● **What is being asked**
What is needed here is an exact transcription of all the entries.

==========

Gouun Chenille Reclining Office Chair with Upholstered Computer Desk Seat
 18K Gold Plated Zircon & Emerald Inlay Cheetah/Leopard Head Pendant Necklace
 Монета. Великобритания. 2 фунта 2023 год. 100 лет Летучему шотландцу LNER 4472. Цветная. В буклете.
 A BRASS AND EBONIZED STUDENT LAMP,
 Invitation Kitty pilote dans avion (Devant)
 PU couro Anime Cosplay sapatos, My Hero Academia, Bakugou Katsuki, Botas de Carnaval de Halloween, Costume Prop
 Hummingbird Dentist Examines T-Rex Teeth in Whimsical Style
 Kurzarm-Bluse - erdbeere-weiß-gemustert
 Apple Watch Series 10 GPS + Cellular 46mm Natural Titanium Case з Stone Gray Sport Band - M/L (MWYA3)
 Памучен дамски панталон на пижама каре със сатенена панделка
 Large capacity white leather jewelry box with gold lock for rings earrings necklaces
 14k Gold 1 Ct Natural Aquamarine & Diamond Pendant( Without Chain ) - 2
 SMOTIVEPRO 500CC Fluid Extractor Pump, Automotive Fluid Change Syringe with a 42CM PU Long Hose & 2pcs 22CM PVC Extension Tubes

==========

● **Output for this exercise**
Gouun Chenille Reclining Office Chair with Upholstered Computer Desk Seat
 18K Gold Plated Zircon & Emerald Inlay Cheetah/Leopard Head Pendant Necklace
 Монета. Великобритания. 2 фунта 2023 год. 100 лет Летучему шотландцу LNER 4472. Цветная. В буклете.
 A BRASS AND EBONIZED STUDENT LAMP,
 Invitation Kitty pilote dans avion (Devant)
 PU couro Anime Cosplay sapatos, My Hero Academia, Bakugou Katsuki, Botas de Carnaval de Halloween, Costume Prop
 Hummingbird Dentist Examines T-Rex Teeth in Whimsical Style
 Kurzarm-Bluse - erdbeere-weiß-gemustert
 Apple Watch Series 10 GPS + Cellular 46mm Natural Titanium Case з Stone Gray Sport Band - M/L (MWYA3)
 Памучен дамски панталон на пижама каре със сатенена панделка
 Large capacity white leather jewelry box with gold lock for rings earrings necklaces
 14k Gold 1 Ct Natural Aquamarine & Diamond Pendant( Without Chain ) - 2
 SMOTIVEPRO 500CC Fluid Extractor Pump, Automotive Fluid Change Syringe with a 42CM PU Long Hose & 2pcs 22CM PVC Extension Tubes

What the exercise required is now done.